Best Ways to Count (and Cash in) Your Change

By Julie Rains on 29 March 2011 (Updated 2 September 2013) 22 comments
Photo: J Aaron Farr

What should you do with your loose change? The easiest way to turn your coins into currency is to let someone (or something) else do it for you. Some banks have coin-counting machines. But pinpointing what banks and which branches have this service isn't always simple. PNC Bank has a search filter to locate one of its coin counters. According to a branch representative, customers get coins counted for free while non-customers pay a 5% fee. Here are other options to consider. (See also: Top Online Savings Accounts Reviewed)

Fast, Free, Easy

Based on my personal experience, calls to branches of large banks, and comments by readers (see this article on spending change), here are some banks that offer free coin counting and exchanges to their customers:

Certain banks will let you bring the coins to a teller, who processes them and then gives you currency or makes a deposit into your account. Other banks have self-service machines that generate a receipt, which you present to a teller in order to receive cash or add to your bank balance. Before lugging your coins to your favorite financial institution, ask these questions:

  • Do you have coin counting machines at your branches, and, if so, which ones?
  • Do I operate the machine or do I bring coins to the teller window?
  • Is there a coin-counting fee for customers? non-customers?
  • How will I get my money? 

Free (Mostly), Not Fast

Some banks require you to roll your own coins and bring wrapped coins. These include:

  • Bank of America
  • Wells Fargo
  • Citibank*

Get wrappers for free at most bank branches or buy them at a discount store. Rolling coins is time-consuming but a good option if you have no other alternatives. For fun and convenience, buy a small coin-counting machine for home use.

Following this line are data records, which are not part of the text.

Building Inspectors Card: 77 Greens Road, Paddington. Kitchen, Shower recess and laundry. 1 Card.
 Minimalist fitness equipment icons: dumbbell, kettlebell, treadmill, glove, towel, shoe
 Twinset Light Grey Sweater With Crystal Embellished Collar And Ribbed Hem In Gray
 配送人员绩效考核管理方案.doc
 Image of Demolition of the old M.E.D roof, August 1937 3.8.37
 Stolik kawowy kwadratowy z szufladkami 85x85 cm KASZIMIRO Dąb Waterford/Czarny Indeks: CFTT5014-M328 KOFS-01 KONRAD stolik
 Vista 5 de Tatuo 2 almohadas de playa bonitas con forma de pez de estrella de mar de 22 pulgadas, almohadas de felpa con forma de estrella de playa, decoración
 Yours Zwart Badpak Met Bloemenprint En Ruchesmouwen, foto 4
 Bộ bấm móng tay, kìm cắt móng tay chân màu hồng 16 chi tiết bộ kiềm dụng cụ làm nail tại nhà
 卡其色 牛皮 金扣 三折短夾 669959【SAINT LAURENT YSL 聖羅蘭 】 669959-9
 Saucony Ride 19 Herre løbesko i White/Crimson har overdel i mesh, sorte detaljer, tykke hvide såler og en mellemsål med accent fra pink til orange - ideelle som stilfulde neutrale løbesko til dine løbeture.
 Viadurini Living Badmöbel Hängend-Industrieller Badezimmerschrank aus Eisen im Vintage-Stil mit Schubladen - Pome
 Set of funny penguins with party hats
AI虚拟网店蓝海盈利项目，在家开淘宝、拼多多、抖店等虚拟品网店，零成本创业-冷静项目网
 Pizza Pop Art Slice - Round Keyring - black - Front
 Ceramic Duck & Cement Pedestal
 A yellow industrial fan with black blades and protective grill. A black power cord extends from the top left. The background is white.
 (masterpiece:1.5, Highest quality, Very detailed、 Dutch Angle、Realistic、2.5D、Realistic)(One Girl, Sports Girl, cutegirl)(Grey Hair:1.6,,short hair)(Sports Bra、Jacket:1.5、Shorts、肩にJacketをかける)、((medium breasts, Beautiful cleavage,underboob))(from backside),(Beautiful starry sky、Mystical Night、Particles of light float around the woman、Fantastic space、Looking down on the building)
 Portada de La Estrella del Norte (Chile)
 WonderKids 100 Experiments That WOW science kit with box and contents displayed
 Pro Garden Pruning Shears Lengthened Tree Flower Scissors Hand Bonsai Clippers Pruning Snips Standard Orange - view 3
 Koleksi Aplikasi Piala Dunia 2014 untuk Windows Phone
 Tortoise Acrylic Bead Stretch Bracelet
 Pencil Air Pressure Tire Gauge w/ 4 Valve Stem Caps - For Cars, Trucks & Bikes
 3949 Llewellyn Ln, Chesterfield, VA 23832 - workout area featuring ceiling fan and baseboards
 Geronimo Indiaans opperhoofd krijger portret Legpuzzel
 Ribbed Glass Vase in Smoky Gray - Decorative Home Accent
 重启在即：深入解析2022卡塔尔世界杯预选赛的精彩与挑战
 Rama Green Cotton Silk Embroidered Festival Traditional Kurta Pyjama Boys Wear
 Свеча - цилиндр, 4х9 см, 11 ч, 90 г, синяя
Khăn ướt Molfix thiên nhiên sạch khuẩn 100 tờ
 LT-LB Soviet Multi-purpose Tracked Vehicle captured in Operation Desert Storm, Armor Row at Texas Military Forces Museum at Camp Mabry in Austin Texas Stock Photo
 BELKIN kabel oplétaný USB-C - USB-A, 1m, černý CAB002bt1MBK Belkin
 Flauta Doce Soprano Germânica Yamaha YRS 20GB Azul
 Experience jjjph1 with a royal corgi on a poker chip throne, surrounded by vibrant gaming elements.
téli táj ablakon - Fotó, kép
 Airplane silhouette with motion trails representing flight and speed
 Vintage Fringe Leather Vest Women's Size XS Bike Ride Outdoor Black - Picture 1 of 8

*Generally there is no charge to deposit coins; however Citibank charges a 5% fee to customers and non-customers in Illinois. Note that deposit totals may be adjusted if the bank's count differs from yours.

Some banks will take small amounts of loose change at no charge, even if they do not offer coin counting services. After a fund-raising event, I presented a deposit of over $2,000 at a major regional bank. My deposit contained about $10 in loose change as well as hundreds of one-dollar bills (counted by a machine) and personal checks, carefully totaled beforehand. As treasurer of a non-profit group, I visited this branch frequently to make deposits. There seemed to be no definitive ruling about coin acceptance. The bank employee hesitated but eventually decided to take the coins (the deliberation was slow but coin counting was fast).

Fast, Not Free

Coinstar machines count coins for a fee of 9.8% (11.9% in Canada). These self-service machines can be found in high-volume retailers, such as grocery stores. Deposit coins, watch as change is counted and processing fees are subtracted, and receive a voucher that can be redeemed for the value of the coins (less the service fee) at the store.

To avoid the fee, redeem the coins for an eCertificate, gift card, or charitable donation. Sign up online to receive special offers, which may include receiving more than the value of the coins. A current offer, for example, exchanges a $25 eCertificate and $5 bonus for Rixty for $25 in coins.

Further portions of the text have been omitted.